Comment: A cap on child benefit is the sensible solution to the welfare problem
By Geoffrey Taunton-Collins
The benefits system obviously isn't to blame for Mick Philpott's decisions. His actions were horrendous, and were the responsibility of no one other than himself. We should not, however, refuse to talk about the failures of the UK's welfare system because of him. A mature debate about the function and effectiveness of a system that spends £214 billion a year is healthy and necessary; using Mick Philpott to demonise welfare claimants is not.
Couples who are in work and struggling to get by with two or fewer children should not be required to subsidise parents who choose to have even more. This is the basic principle behind the clamour from politicians and commentators to cap child benefits for a third or fourth child. The principle is sound, and the cap it implies sensible.
The first and most obvious objection to a cap concerns the effects it will have on poor, large families. No one, I hope, is suggesting that this cap should be introduced immediately on families who already have large numbers of children. This would for obvious reasons be damaging. The cap should be introduced publicly and gradually so that parents have plenty of time to prepare and calculate the affordability of having more children. Obviously it is essential that parents do not have children on the expectation of benefits which they do not then receive.
The second objection is that the money saved by such a cap would be too insignificant to be worthwhile. This argument is wheeled out far too often. It implies that reform should only happen all at once or not at all and obstructs progress, however piecemeal it might be.

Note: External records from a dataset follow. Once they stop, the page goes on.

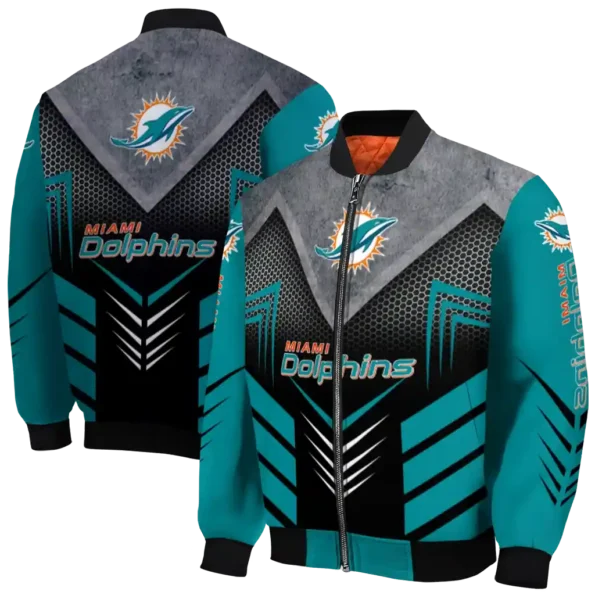 miami dolphins arrow layer aqua black bomber jacket fashion forward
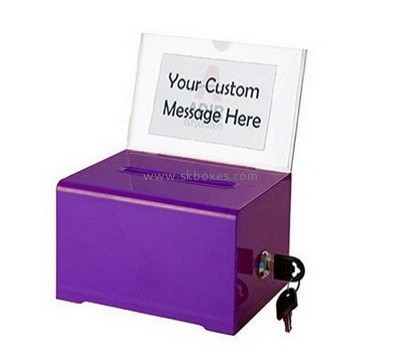 Customize purple acrylic cash donation box BDB-154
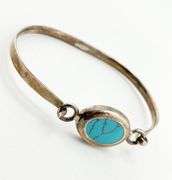 925 Sterling Silver Mexico Navajo-Style Handmade Natural Turquoise Center Cuff Bracelet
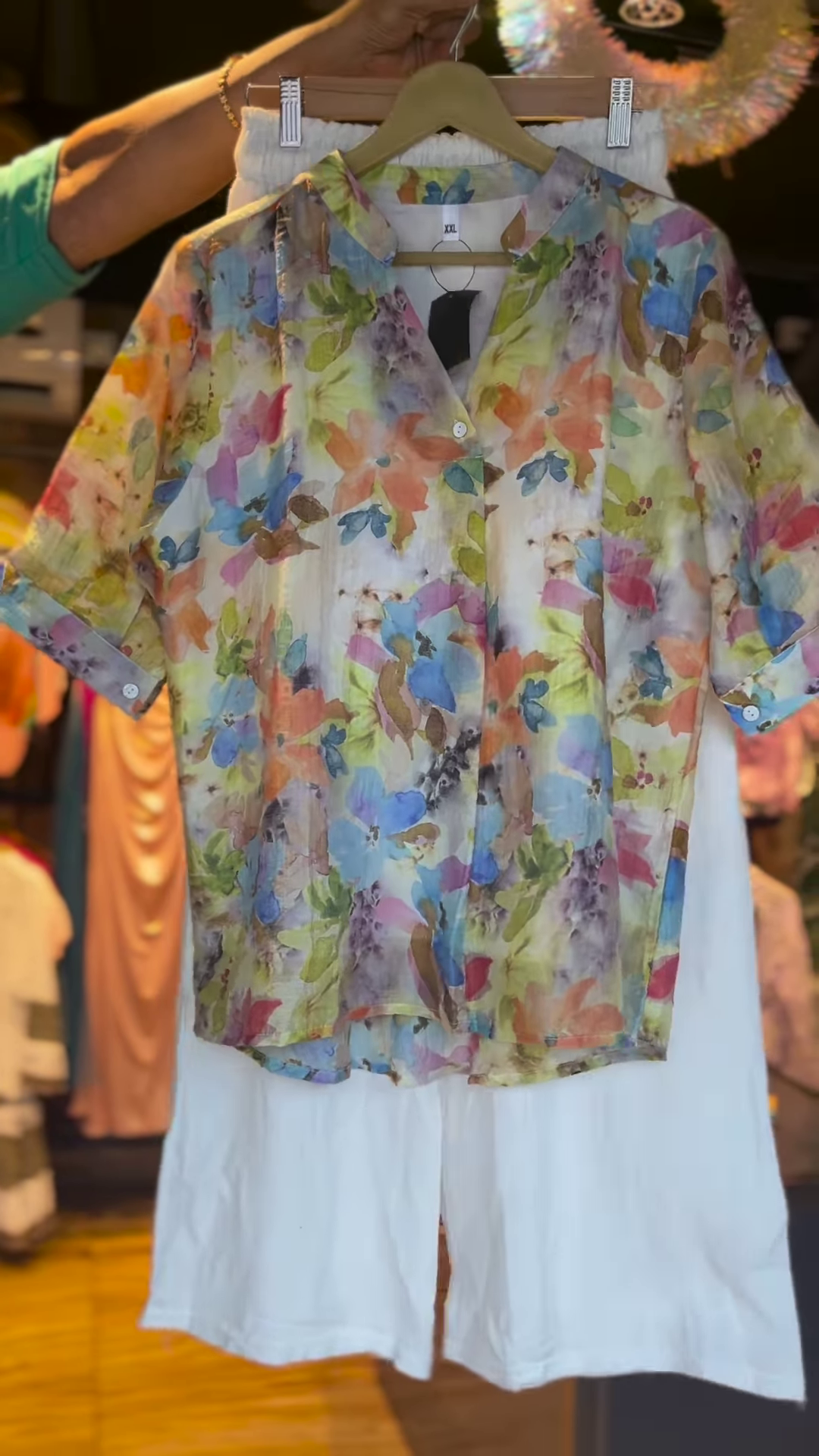 Girls’ 2-Piece Pastel Floral Co-ord Set – Button-Up Shirt & White Shorts | Easy Breezy Summer Style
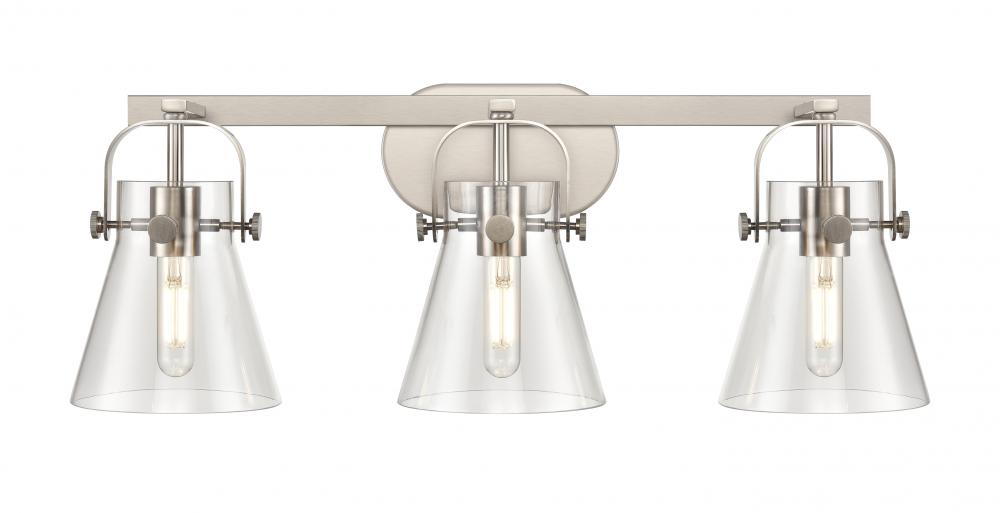 Pilaster II Cone - 3 Light - 27 inch - Satin Nickel - Bath Vanity Light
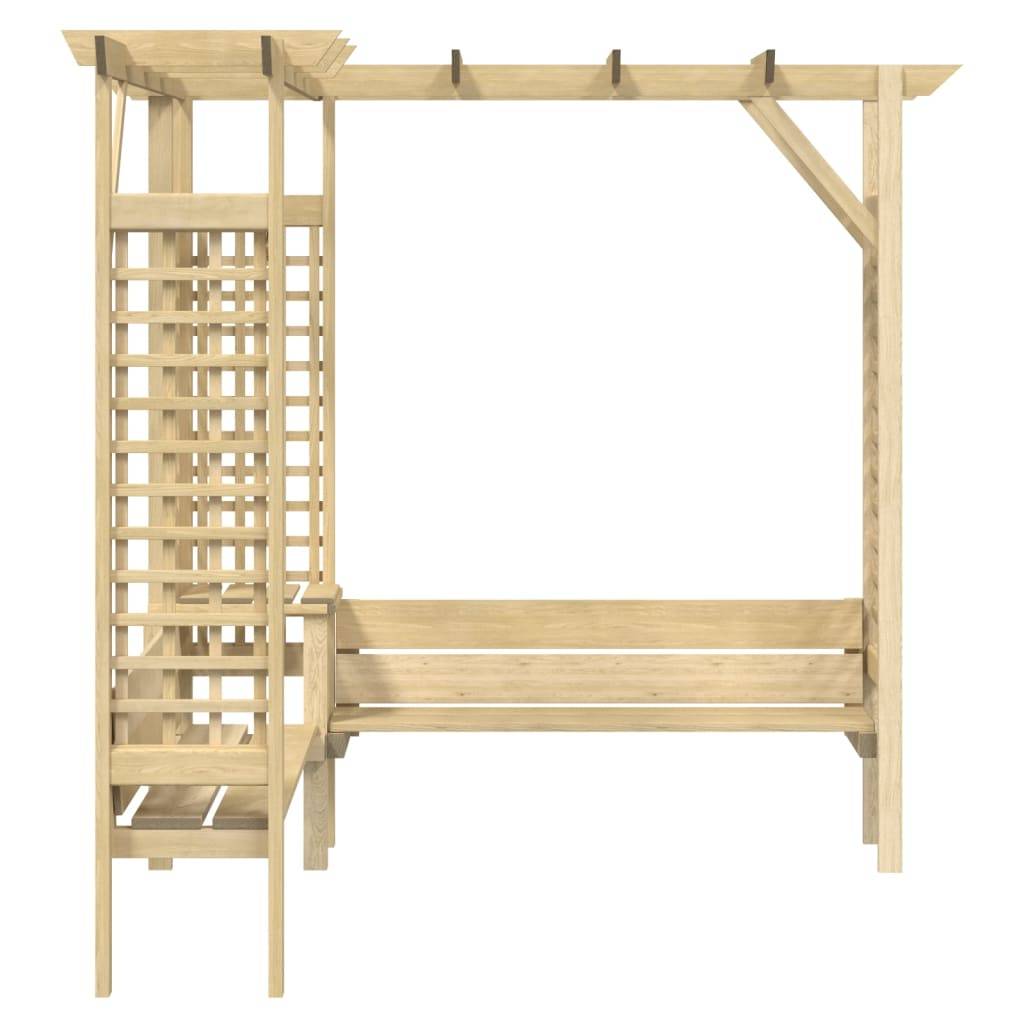 Vidaxl - Pergola d'angle avec banc Bois de pin imprégné vidaXL 44950 - Imagen 6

If the Treasury had a few million extra pounds for every cut that has been side-stepped for being 'too small' (often for the resulting political fallout) it might even have met its deficit target. With regards to child benefit, while it is unclear how much money a cap would save – the Department for Work and Pensions hasn't released detailed figures – the figure, whatever it turns out to be, shouldn't be sniffed at. There are 115,890 families on out of work benefits with four children or more, and 310,110 with three or more. Currently these 310,110 families are costing the government over £330 million in child benefit, which suggests a future cap would certainly do no harm to the public finances.

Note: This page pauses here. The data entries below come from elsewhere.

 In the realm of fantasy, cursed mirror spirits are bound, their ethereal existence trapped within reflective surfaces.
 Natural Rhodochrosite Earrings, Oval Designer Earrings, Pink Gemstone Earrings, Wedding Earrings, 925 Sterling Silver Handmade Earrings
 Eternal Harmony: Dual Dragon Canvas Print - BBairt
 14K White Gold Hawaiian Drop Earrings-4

An interesting adjunct to this debate is the claim made by Iain Duncan Smith that "where you see the clustering of the large families is really down at the very lowest incomes, those on significant levels of welfare, and those on the very top incomes." While it is obvious why families on with very high incomes have large families, namely, they can afford to, it is less obvious why the poorest families are more likely to make this choice.

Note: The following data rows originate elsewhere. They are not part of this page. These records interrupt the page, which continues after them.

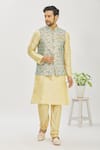 Buy_Arihant Rai Sinha_Green Art Banarasi Silk Printed Floral Bundi And Kurta Set _at_Aza_Fashions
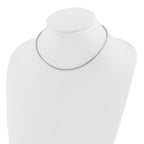 14K White Gold Polished 2mm Round Omega Necklace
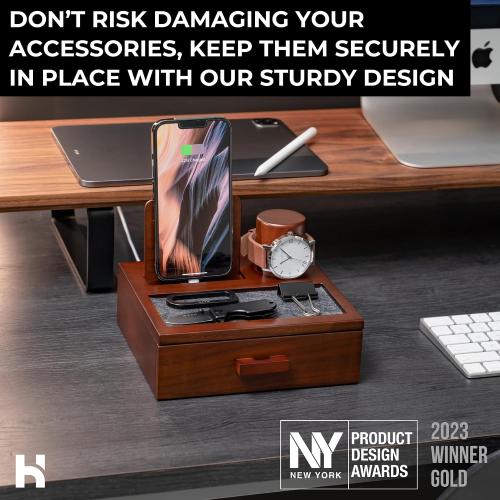 Holme & Hadfield Premium Wooden Phone Docking Station with Drawer – Nightstand Organizer for Charging Phone – Declutter Your Space with Felt-Lined Protection & Watch Pillar - Gift For Men‼️COLOR:BLACK (missing 1 cable gripper) ‼️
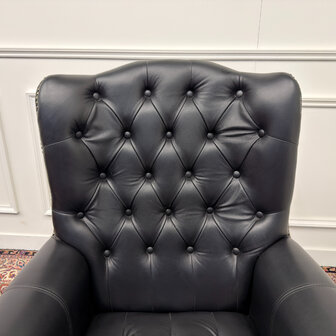 Klassiek-Engels-Antiek-Oud-Vintage-Chesterfield-Rochester-Bureaustoel-Director-Chair-Zwart-Leder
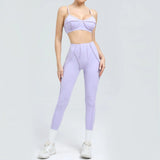Ensemble Tenue Sport Fitness Pilates Côtelé Femme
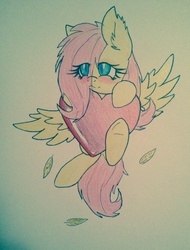 Size: 1552x2046 | Tagged: safe, artist:shadayloronic, fluttershy, g4, female, heart, solo, traditional art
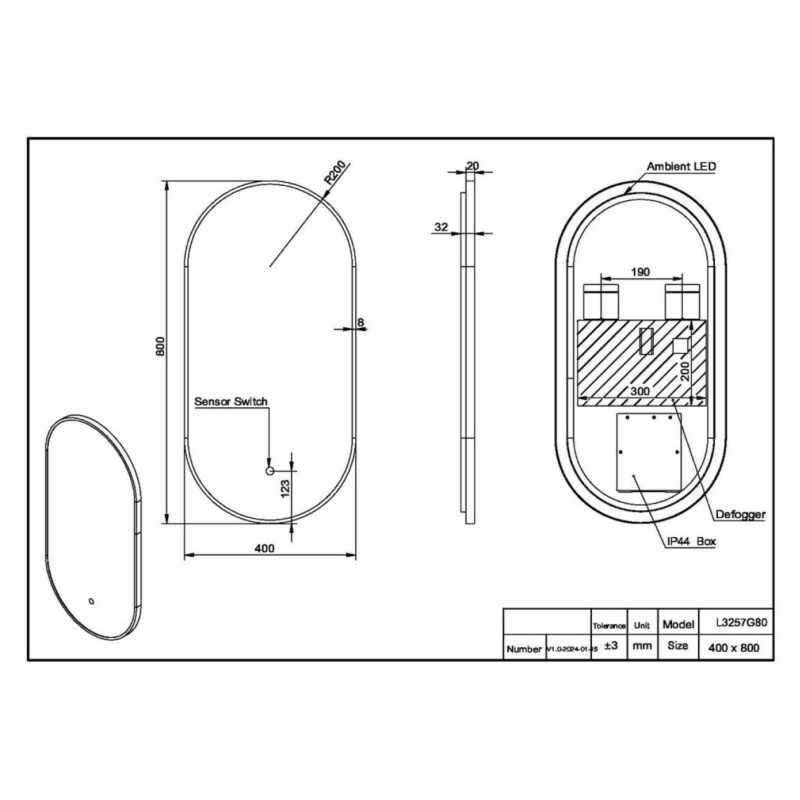 Scudo Aubrey 400 x 800mm Matt Black LED Cloakroom Mirror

The claim that families decide to have an extra child because of the additional child benefit (amounting to £696.80 a year) is dubious. What is clear, however, is that poverty can only ultimately be addressed by measures to help job creation and certainly not by subsidising families to have extra children.
The difficult task of a benefits system is to create a safety net for the vulnerable while avoiding disincentives to self-fulfilment. As Daniel Hannan points out there will always be deserving losers, and undeserving winners, however carefully the system is designed.
A decade of cuts is the legacy of the ruinous finances left by Blair and Brown – and a carefully implemented cap on child benefit would be one sensible response to it.
Geoffrey Taunton-Collins is a research associate at the Adam Smith Institute.